<<<<
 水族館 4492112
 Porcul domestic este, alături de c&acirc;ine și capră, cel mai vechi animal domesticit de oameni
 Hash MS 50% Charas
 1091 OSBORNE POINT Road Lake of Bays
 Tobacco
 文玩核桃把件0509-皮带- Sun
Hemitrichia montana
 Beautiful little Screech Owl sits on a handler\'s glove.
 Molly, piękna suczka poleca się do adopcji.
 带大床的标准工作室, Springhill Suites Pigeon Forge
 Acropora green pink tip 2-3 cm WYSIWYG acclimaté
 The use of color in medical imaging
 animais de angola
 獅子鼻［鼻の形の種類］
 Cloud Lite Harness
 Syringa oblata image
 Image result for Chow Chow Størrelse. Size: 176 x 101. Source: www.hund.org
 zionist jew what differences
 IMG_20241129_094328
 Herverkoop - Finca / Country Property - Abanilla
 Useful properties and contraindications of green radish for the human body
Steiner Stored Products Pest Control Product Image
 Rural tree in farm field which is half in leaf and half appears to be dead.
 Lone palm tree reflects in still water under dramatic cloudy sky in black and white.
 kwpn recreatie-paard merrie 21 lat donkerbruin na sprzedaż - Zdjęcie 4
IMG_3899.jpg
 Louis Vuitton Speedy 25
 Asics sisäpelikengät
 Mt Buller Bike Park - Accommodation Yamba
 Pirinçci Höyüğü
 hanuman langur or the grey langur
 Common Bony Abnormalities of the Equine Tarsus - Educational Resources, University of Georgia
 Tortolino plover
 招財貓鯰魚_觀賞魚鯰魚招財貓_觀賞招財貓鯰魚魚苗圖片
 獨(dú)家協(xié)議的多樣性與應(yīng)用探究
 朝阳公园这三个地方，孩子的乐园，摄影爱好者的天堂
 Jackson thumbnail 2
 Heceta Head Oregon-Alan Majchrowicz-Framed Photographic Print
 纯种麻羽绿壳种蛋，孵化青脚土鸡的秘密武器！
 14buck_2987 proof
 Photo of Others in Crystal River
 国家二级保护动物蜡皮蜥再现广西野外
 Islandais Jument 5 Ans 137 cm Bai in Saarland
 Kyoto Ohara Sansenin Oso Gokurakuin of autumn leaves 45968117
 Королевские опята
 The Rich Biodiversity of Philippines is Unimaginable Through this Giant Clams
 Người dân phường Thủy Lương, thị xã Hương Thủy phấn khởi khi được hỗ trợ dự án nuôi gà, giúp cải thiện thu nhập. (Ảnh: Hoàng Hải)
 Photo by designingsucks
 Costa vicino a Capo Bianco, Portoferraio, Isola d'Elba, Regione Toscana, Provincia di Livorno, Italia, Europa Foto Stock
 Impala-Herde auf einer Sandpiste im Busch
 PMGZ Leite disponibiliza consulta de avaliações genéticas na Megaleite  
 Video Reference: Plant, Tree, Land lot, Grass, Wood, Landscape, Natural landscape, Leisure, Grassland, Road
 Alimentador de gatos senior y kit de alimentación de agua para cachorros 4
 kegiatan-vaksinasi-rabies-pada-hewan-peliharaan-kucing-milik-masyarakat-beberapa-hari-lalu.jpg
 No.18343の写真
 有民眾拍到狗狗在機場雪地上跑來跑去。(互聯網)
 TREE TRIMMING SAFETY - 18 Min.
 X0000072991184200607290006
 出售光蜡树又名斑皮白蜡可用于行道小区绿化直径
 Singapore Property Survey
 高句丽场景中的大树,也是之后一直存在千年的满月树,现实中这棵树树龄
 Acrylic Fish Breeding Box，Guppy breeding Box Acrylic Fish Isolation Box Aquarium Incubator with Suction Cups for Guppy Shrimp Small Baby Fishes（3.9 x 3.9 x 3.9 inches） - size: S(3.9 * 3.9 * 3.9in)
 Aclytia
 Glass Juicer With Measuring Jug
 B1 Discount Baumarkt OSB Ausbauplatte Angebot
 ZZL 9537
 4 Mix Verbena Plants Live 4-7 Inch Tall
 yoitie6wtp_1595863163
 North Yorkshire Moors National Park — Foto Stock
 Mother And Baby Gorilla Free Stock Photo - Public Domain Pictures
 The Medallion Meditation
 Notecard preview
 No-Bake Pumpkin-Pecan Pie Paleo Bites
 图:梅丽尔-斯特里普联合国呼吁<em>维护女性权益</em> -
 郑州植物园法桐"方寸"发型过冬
>>>>
| What to work on |
Please set down again, word for word, only the lines from the start of the entries through the line with "14buck_2987 proof", both ends included.

| Exercise response |
 水族館 4492112
 Porcul domestic este, alături de c&acirc;ine și capră, cel mai vechi animal domesticit de oameni
 Hash MS 50% Charas
 1091 OSBORNE POINT Road Lake of Bays
 Tobacco
 文玩核桃把件0509-皮带- Sun
Hemitrichia montana
 Beautiful little Screech Owl sits on a handler\'s glove.
 Molly, piękna suczka poleca się do adopcji.
 带大床的标准工作室, Springhill Suites Pigeon Forge
 Acropora green pink tip 2-3 cm WYSIWYG acclimaté
 The use of color in medical imaging
 animais de angola
 獅子鼻［鼻の形の種類］
 Cloud Lite Harness
 Syringa oblata image
 Image result for Chow Chow Størrelse. Size: 176 x 101. Source: www.hund.org
 zionist jew what differences
 IMG_20241129_094328
 Herverkoop - Finca / Country Property - Abanilla
 Useful properties and contraindications of green radish for the human body
Steiner Stored Products Pest Control Product Image
 Rural tree in farm field which is half in leaf and half appears to be dead.
 Lone palm tree reflects in still water under dramatic cloudy sky in black and white.
 kwpn recreatie-paard merrie 21 lat donkerbruin na sprzedaż - Zdjęcie 4
IMG_3899.jpg
 Louis Vuitton Speedy 25
 Asics sisäpelikengät
 Mt Buller Bike Park - Accommodation Yamba
 Pirinçci Höyüğü
 hanuman langur or the grey langur
 Common Bony Abnormalities of the Equine Tarsus - Educational Resources, University of Georgia
 Tortolino plover
 招財貓鯰魚_觀賞魚鯰魚招財貓_觀賞招財貓鯰魚魚苗圖片
 獨(dú)家協(xié)議的多樣性與應(yīng)用探究
 朝阳公园这三个地方，孩子的乐园，摄影爱好者的天堂
 Jackson thumbnail 2
 Heceta Head Oregon-Alan Majchrowicz-Framed Photographic Print
 纯种麻羽绿壳种蛋，孵化青脚土鸡的秘密武器！
 14buck_2987 proof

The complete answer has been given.